3.1 The best place to learn lessons is from other similar sectors such as wind which have already gone through the commercialisation process. A study into the success of the Danish wind industry undertaken by Aquamarine Power offers a useful comparison of the approaches taken to support the nascent wind industry in the two decades from 1980.

3.2 Although both countries invested similar sums in R&D in support of early stage technologies, Denmark was much quicker in putting in place a stable and well-understood market support mechanism. This was the critical factor which enabled Denmark to create a stable market price for wind energy thereby incentivising early investment and innovation and allowing Denmark to build a global export market worth nearly €6 billion in 2008.
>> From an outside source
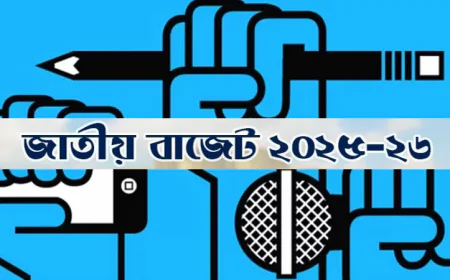 তথ্য ও সম্প্রচার মন্ত্রণালয়ের জন্য ১ হাজার ১১০ কোটি টাকা বরাদ্দের প্রস্তাব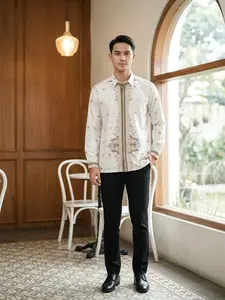 KEMEJA ARIMBY // KEMEJA PRIA REMAJA DEWASA // by Esha Scarf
3.3 The lesson for the UK is that a complete support package is required for marine energy, combining grants and revenue support. The UK’s current regime of ROCs is well understood and offers a clear price signal to investors. However, the application of marine energy ROCs is applied inconsistently—in Scotland there are five ROCs per MWh for wave energy and three for tidal, whilst in the rest of the UK there are only two ROCs per MWh for each technology. It is crucial the level of support for marine energy delivered through the Electricity Market Reform offers a consistent and long-term price signal which will incentivise investment in the sector.

3.4 Other factors that have been shown to have an impact in the development of a renewables industry are:

Funding support for testing and demonstration, ensuring that world-leading projects are built on home soil.

Institutional and policy support in areas such as planning and grid, reducing risks and cutting down timescales.

Industry-led academic support from universities and research programmes to boost industrial developments and embed technology developers and manufacturers nearby.

Direct support for manufacturing including supply chain initiatives to help local companies get onto the supply chain ladder.

Maximum use of existing expertise and synergies.

Support for infrastructure development such as ports.

4. Is publicly provided innovation funding necessary for the development of marine technologies and if so, why?

4.1 Public finding is essential for the growth of the sector, and to leverage more private funding. The RenewableUK report “Channelling the Energy” and the Carbon Trust Report “Accelerating Marine Energy” (reference in footnotes) both articulate the requirement for public sector revenue and grant support to enable marine energy to reach commercialisation.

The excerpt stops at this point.